◆ Task ◆
Each line below must be reproduced exactly as it stands. Pictures stay out of the copy.

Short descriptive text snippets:
- - - - -
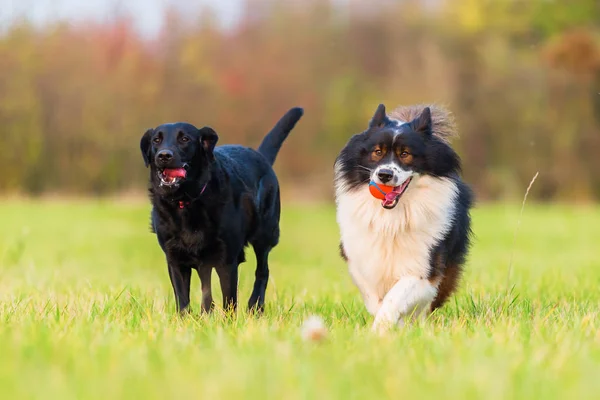 Elo dan labrador berjalan di padang rumput — Stok Foto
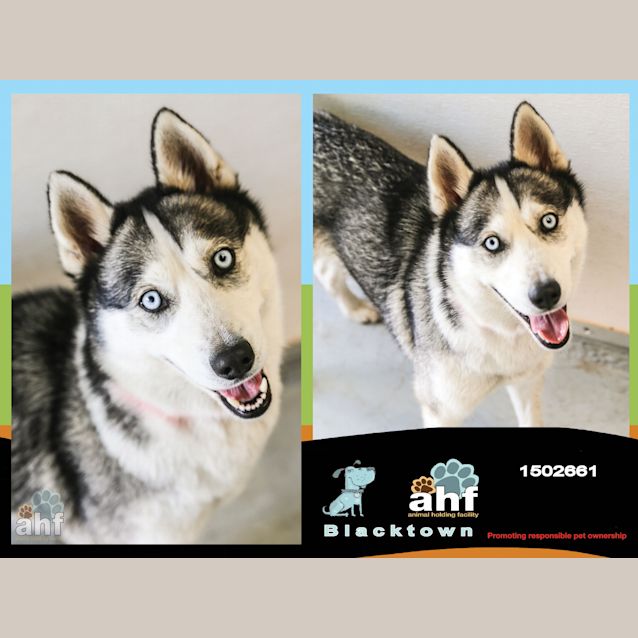 Photo of Skye ~ #1502661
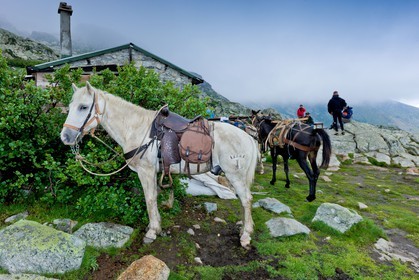 GR 20 Nord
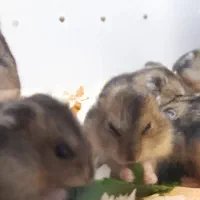 همستر کمپل|موش و خرگوش|رشت, نخودچر|دیوار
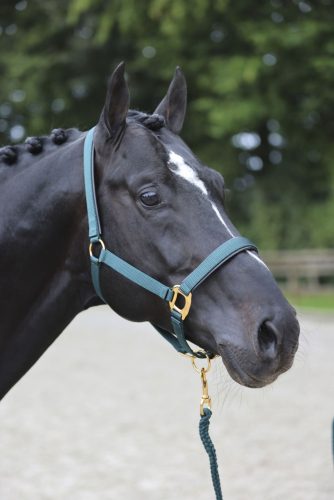 Covalliero TopLine kötőfék - zöld, pony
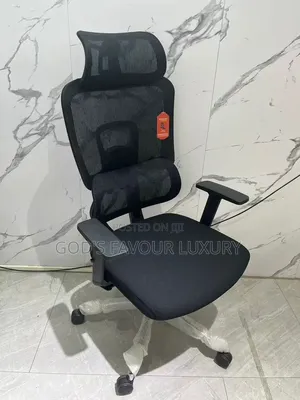 Ergonomic Office Mesh Chair.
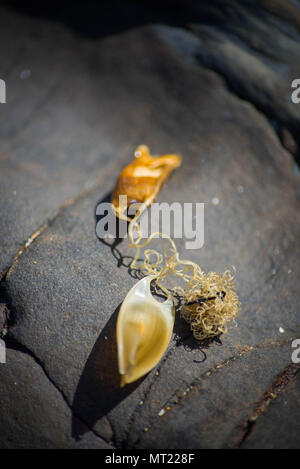 Sirene purse secco colore seashore Foto Stock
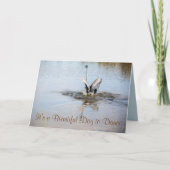 Great Blue Heron Wings Spread on Water Karte (Vorderseite)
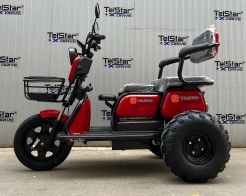 ATV Offroad ДЕЗЪРТ триместна електрическа триколка TS 350-7-NEW 2500W 25Ah снимка 213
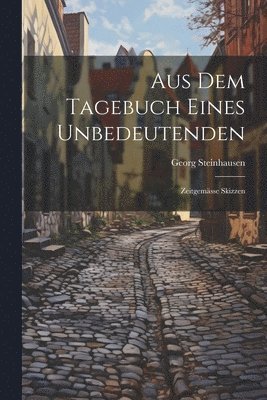 Georg Steinhausen - Aus Dem Tagebuch Eines Unbedeutenden, Häftad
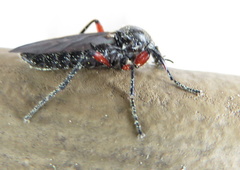 Bibio femoratus
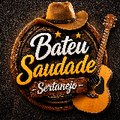 Bateu Saudade Sertanejo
- - - - -
◆ Result of this exercise ◆
 Elo dan labrador berjalan di padang rumput — Stok Foto
 Photo of Skye ~ #1502661
 GR 20 Nord
 همستر کمپل|موش و خرگوش|رشت, نخودچر|دیوار
 Covalliero TopLine kötőfék - zöld, pony
 Ergonomic Office Mesh Chair.
 Sirene purse secco colore seashore Foto Stock
 Great Blue Heron Wings Spread on Water Karte (Vorderseite)
 ATV Offroad ДЕЗЪРТ триместна електрическа триколка TS 350-7-NEW 2500W 25Ah снимка 213
 Georg Steinhausen - Aus Dem Tagebuch Eines Unbedeutenden, Häftad
 Bibio femoratus
 Bateu Saudade Sertanejo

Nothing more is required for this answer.